I don't know where you find yourself - in the deep waters or the rivers of difficulty, but moment by moment today trust in his character as you tread water or gasp for breath, remembering he said, "You are precious to me. You are honored, and I love you" (Is. 43:4).

Tuesday, November 11, 2008

Worship Bloopers

Darin recently printed some bulletin bloopers on his blog, and that got me to thinking about some of the funny things I've experienced in worship services. While it's generally a good idea to have a well-planned, orderly method to corporate worship, it can get a little boring, even predictable at times, and in that our hearts lose any opportunity for spontaneous joy. I think that's why God, in his sovereignty, allows goofy things to happen!

About 2 months ago, right at the beginning of the service, sitting near a window in the sanctuary, a red wasp whizzed by my head. From that point on, I knew I and others around me would be less interested in heart-to-heart time with God, and more concerned and distracted about the location of that wasp. So, I decided to quickly and quietly do something about it. When he landed on the window sill, I crept over to where he sat, removed my shoe and proceeded to quietly smush it - for a minimum of 3 minutes. Either my strength or the sole of the shoe wasn't enough to crush it. Instead, every time I thought, "OK, it's got to be dead by now," and lifted the shoe, the tenacious creature wriggled and squirmed still more. What was supposed to be an oblivious, covert solution to the problem drew the attention and giggles of that entire quarter of the sanctuary! But I'm happy to report that although I missed the entire choir special, the wasp will not threaten another soul!

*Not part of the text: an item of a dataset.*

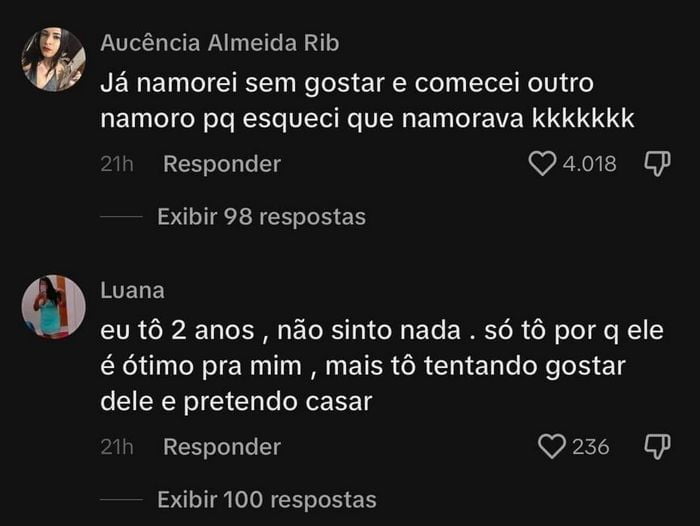 Já namorei um ano sem gostar do cara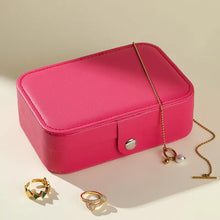 Load image into Gallery viewer, Pink Jewelry Organizer Travel Box Case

Another favorite memory occurred when I was in high school. I was part of a traveling choral group, and while visiting FBC Andrews, TX, we were blessed to participate in their morning worship service. To get to Andrews, however, we'd ridden on a charter bus all night, netting about 3 hours' sleep for each of us. Now, I don't know if you've ever been around 20 sleep-deprived teenagers, but everything they see and hear necessitates a giggle. Unfortunately, the church was scheduled to observe the solemn and sacred Lord's Supper that day. You can see this isn't going to go well, can't you?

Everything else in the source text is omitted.